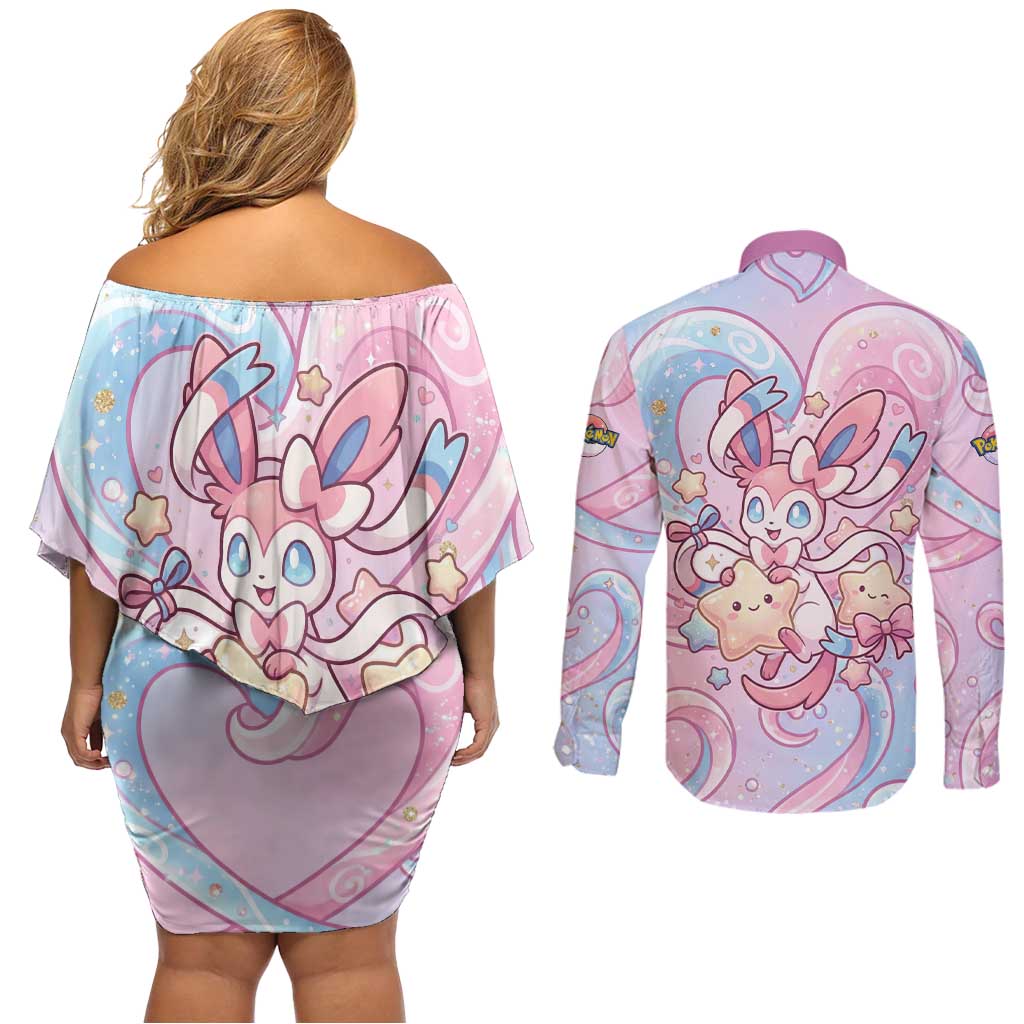 Sylveon Couples Matching Off Shoulder Short Dress and Long Sleeve Button Shirt Magical Pastel Heart Ribbon Art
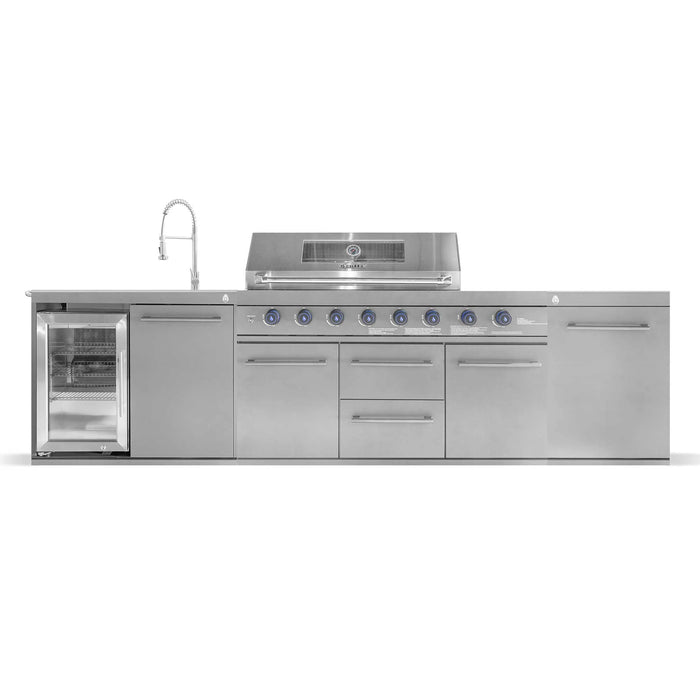 Goriller Outdoor Kitchen Empire | 8-Burner Gas Grill, Fridge, Sink & WorkStation | 3m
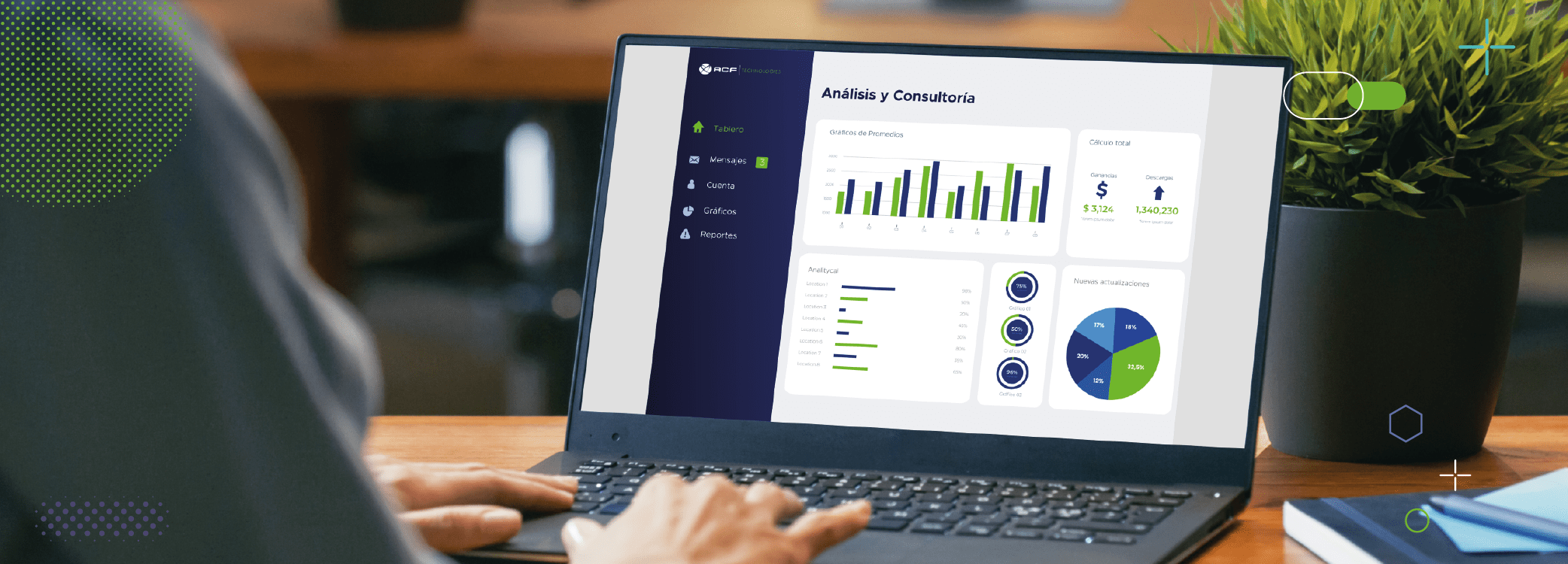 Hombre trabajando en computadora donde se ve la interfaz de datos de Q-Flow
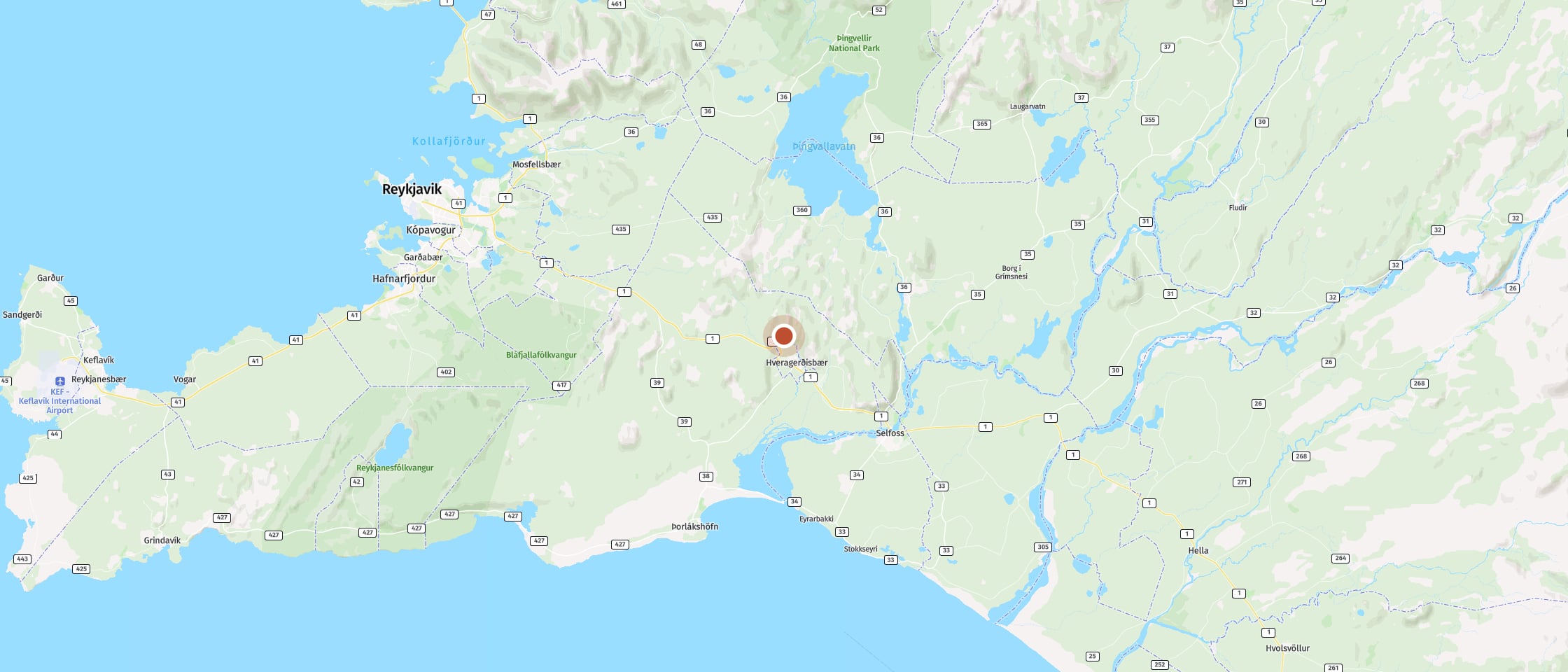 Map: Hike into the Reykjadalur valley and bathe in the hot river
————————
§ Task
An exact copy of the data above is required, printed without its pictures.

§ Task result
 Sylveon Couples Matching Off Shoulder Short Dress and Long Sleeve Button Shirt Magical Pastel Heart Ribbon Art
 Goriller Outdoor Kitchen Empire | 8-Burner Gas Grill, Fridge, Sink & WorkStation | 3m
 Hombre trabajando en computadora donde se ve la interfaz de datos de Q-Flow
 Map: Hike into the Reykjadalur valley and bathe in the hot river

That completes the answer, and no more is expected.